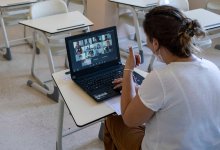 Teacher leading a virtual lesson in her empty classroom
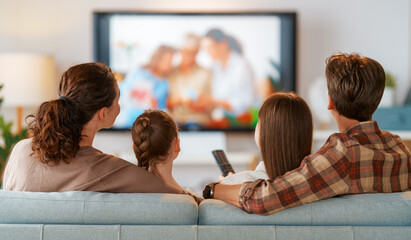 family watching  TV in the evening at home
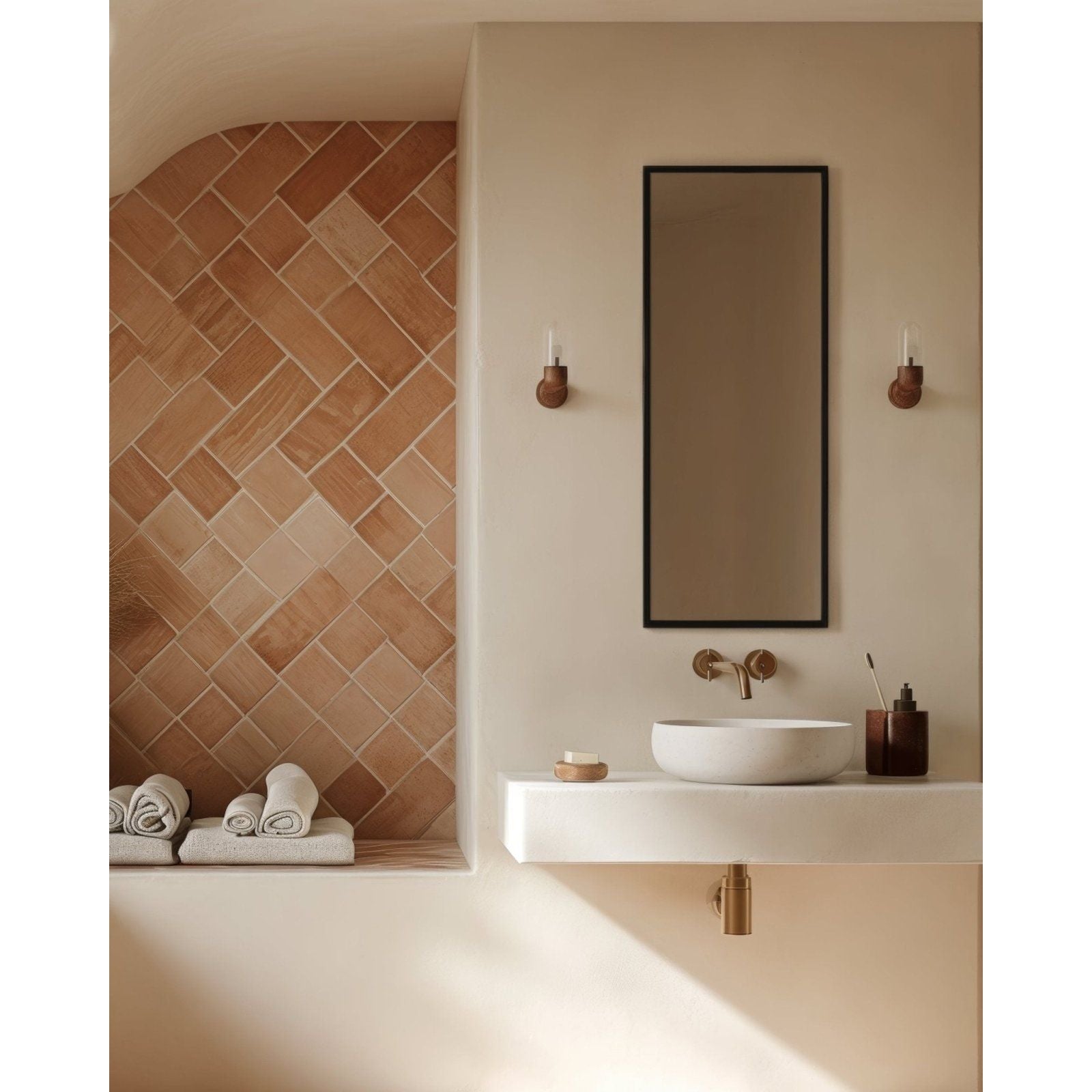 White ceramic vessel sink with brushed brass faucet on white countertop under docklands rectangular mirror 40x100cm black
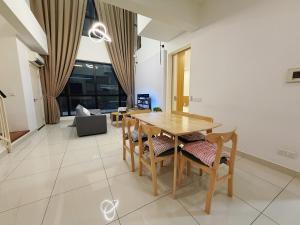 ein Esszimmer mit einem Holztisch und Stühlen in der Unterkunft Econest Eco Botanic Muji Style Duplex 3BR Educity in Iskandar Puteri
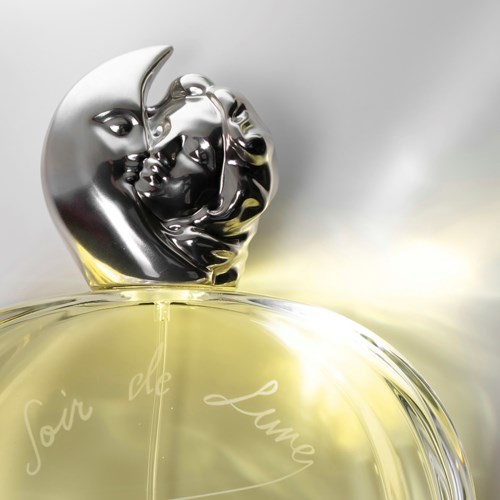 En parfume flaske med en sølvmåne og ansigt design på toppen, kaldet 'Soin de Lumie' med gul væske indeni.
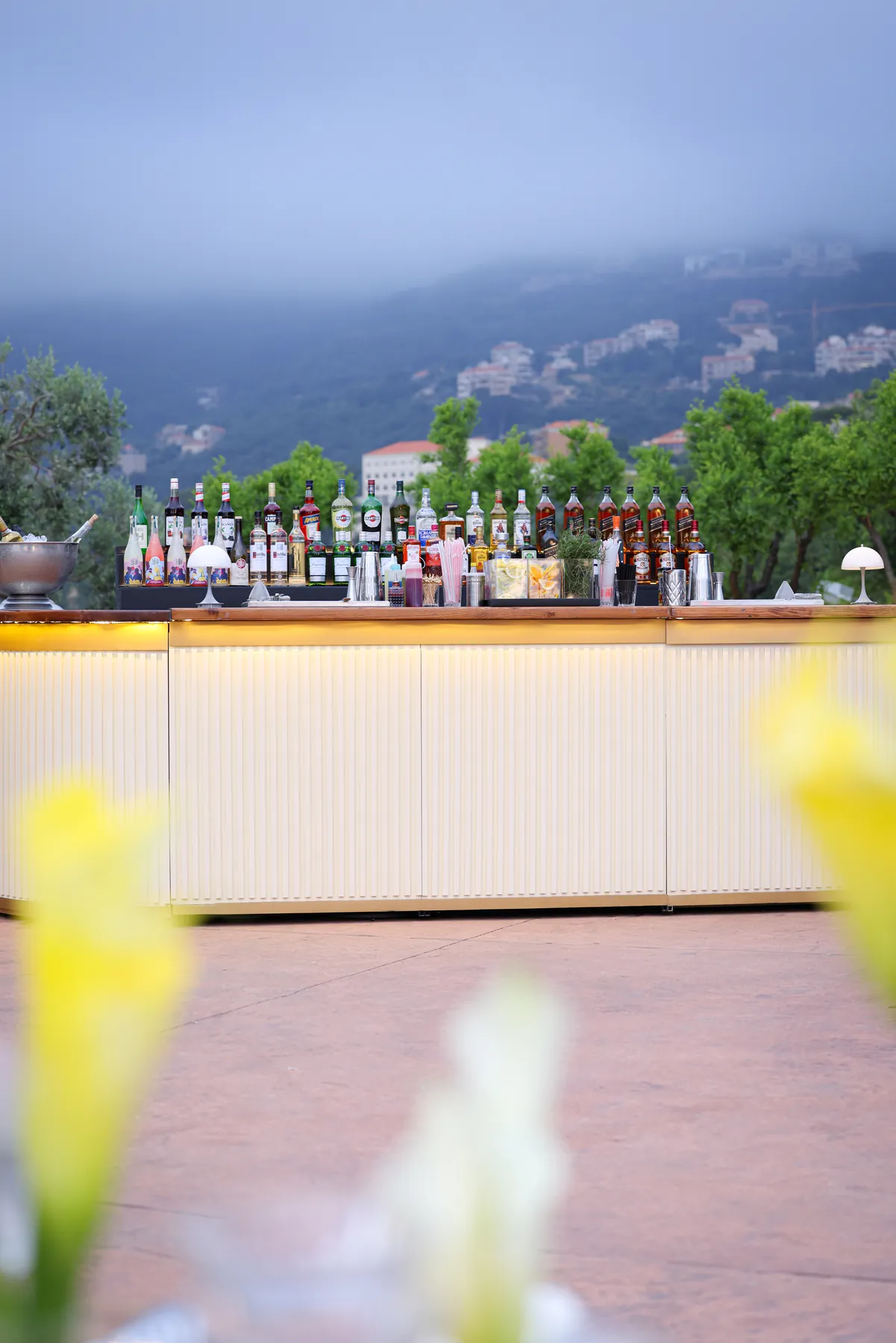 Front view of the Cream Bar with bottles arranged against a mountain backdrop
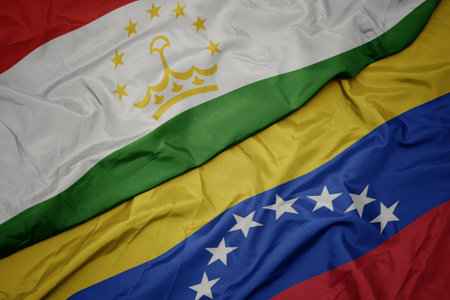 waving colorful flag of venezuela and national flag of tajikistan. macroの写真素材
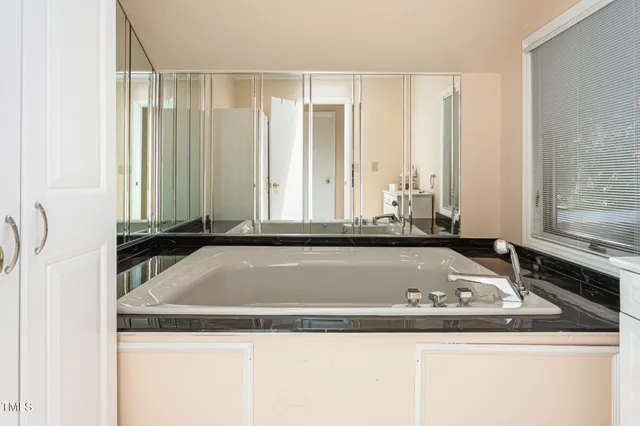 a view of a sink a bath tub and a window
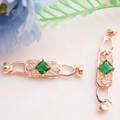 Detail van 14K vergulde vlinder sieraadsluiting met zirkonia en een groene edelsteen - Smaragd Stijl / Roségoud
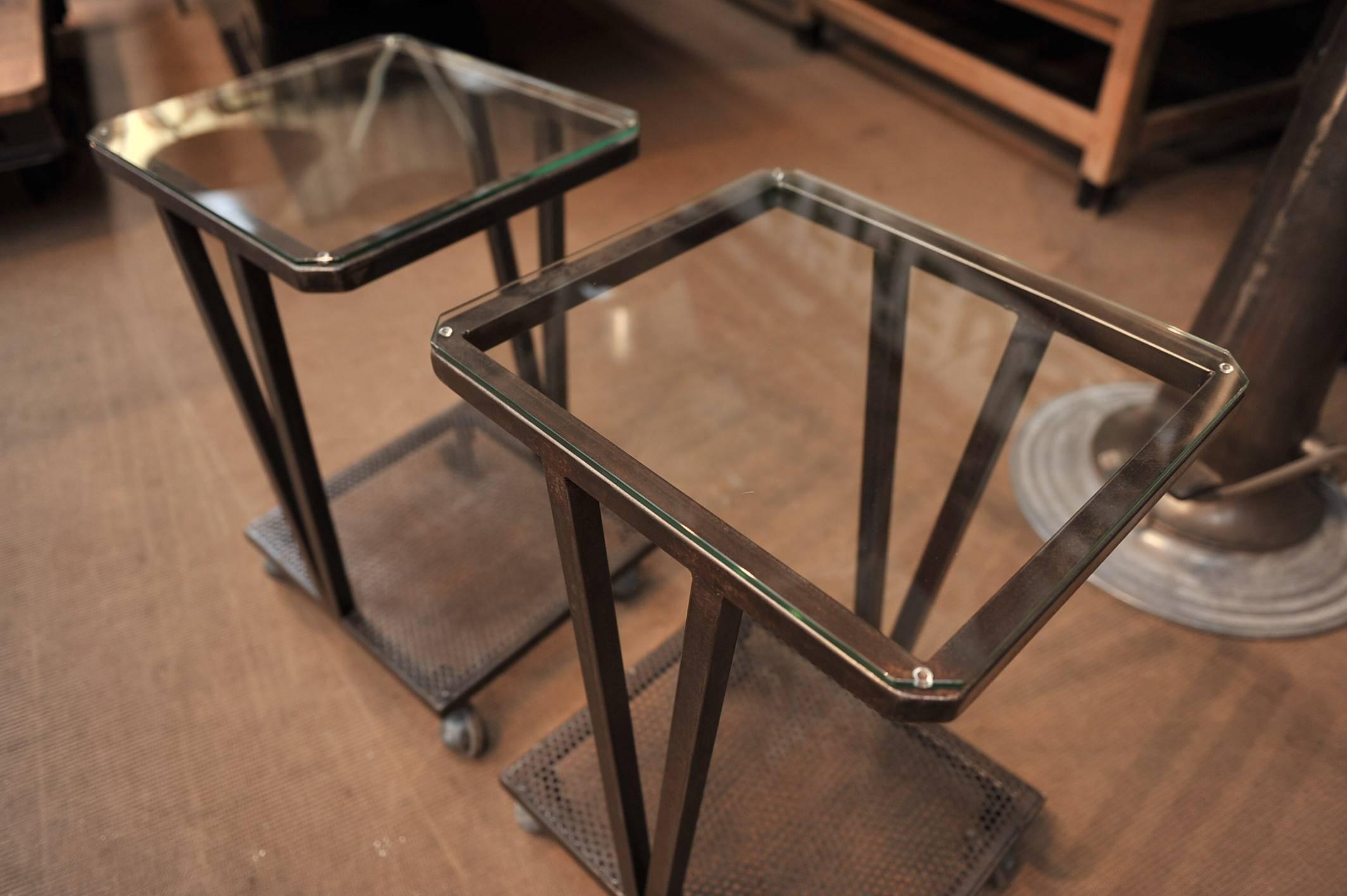 Paire of  1950 polishd iron console tables or side tables on metal turning wheels with  new tempered  glass top  6 mm .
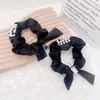 Estilo coreano estilo luxo leve personalidade simples moda padrão ouro tecido acetinado gravata borboleta cabelo feminino Elástico de cabelo grande para intestino cabelo corda de cabelo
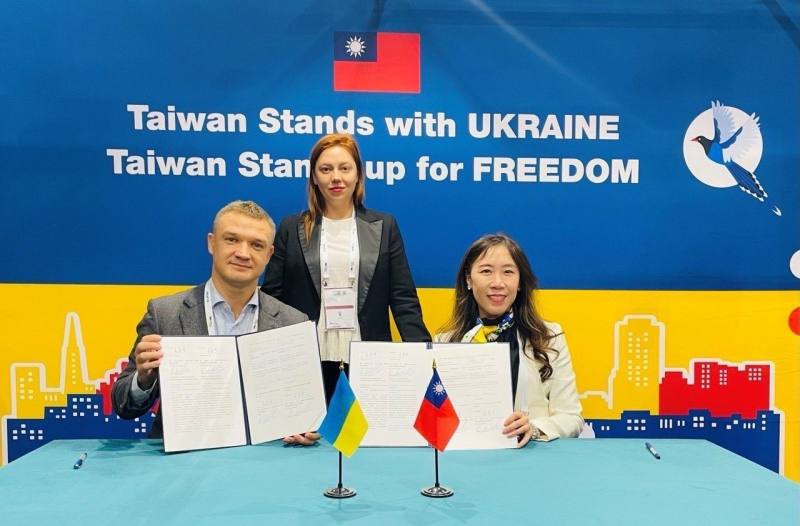 我國駐波蘭大使吳尚年與烏克蘭NGO「NO Labels」執行長哈米亞克（Oleksandr Khomiak，左一）簽署合作瞭解備忘錄，協助治療烏國創傷症候群患者；烏克蘭國會議員詩克綸（Alyona Shkrum，中）出席見證。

════════════════════

Repeat, word for word and with no pictures, only the lines running from the beginning of the data to the line that contains "Front view of".

 Teacher leading a virtual lesson in her empty classroom
 family watching  TV in the evening at home
 White ceramic vessel sink with brushed brass faucet on white countertop under docklands rectangular mirror 40x100cm black
 ein Esszimmer mit einem Holztisch und Stühlen in der Unterkunft Econest Eco Botanic Muji Style Duplex 3BR Educity in Iskandar Puteri
 En parfume flaske med en sølvmåne og ansigt design på toppen, kaldet 'Soin de Lumie' med gul væske indeni.
 Front view of the Cream Bar with bottles arranged against a mountain backdrop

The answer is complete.